Machine learning and data science ressources

This post lists some useful sources for learning data science and machine learning. The first two are a good way to start, since they quickly bring you to the point where you can play with real world data.

Machine Learning by Andrew Ng (Stanford)

The best MOOC ever,  which is also the one that started Coursera.

Prerequisites: it helps if you are familiar with scalar products and matrix operations, and if you know how to program basic functions.

What’s inside: starts with basic linear regression and ramps up with gradient descent, logistic regressions, regularisation, neural networks, clustering, svm, recommenders, PCA …

Data Science Specialization by Roger Peng, Brian Caffo, and Jeff Leek (Johns Hopkins University)

This one is a long hike through many areas of data science (not just machine learning), and offers a very pragmatic introduction to the R programming language.

Prerequisites: familiarity with programming and undergrad math.

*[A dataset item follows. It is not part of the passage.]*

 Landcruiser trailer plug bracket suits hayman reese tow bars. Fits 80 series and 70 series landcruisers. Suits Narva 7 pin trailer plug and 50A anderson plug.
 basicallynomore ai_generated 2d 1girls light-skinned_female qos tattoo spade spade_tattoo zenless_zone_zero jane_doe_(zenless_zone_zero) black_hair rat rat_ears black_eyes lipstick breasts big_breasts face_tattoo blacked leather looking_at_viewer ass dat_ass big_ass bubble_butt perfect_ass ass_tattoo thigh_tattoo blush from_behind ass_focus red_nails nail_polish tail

The R exercises are quite close to what you will get asked in a Data Scientist job interview.

What’s inside: how to do everything to data using R (parse, explore, fit), how to connect to an API or parse data from a website, statistics, machine learning, reproducibility … It has some overlap with Andrew Ng’s course.

Probability and Statistics by Khan Academy

The basics of statistics and probabilities (and clearer IMO than the statistics section of the Johns Hopkins course).

Data Science at Scale Specialization by Bill Howe (University of Washington)

A course about the “Big” in “Big Data”, with data visualisation thrown in.

Prerequisites: python programming, familiarity with APIs.

What’s inside: SQL, noSQL, MapReduce, graphs, machine learning …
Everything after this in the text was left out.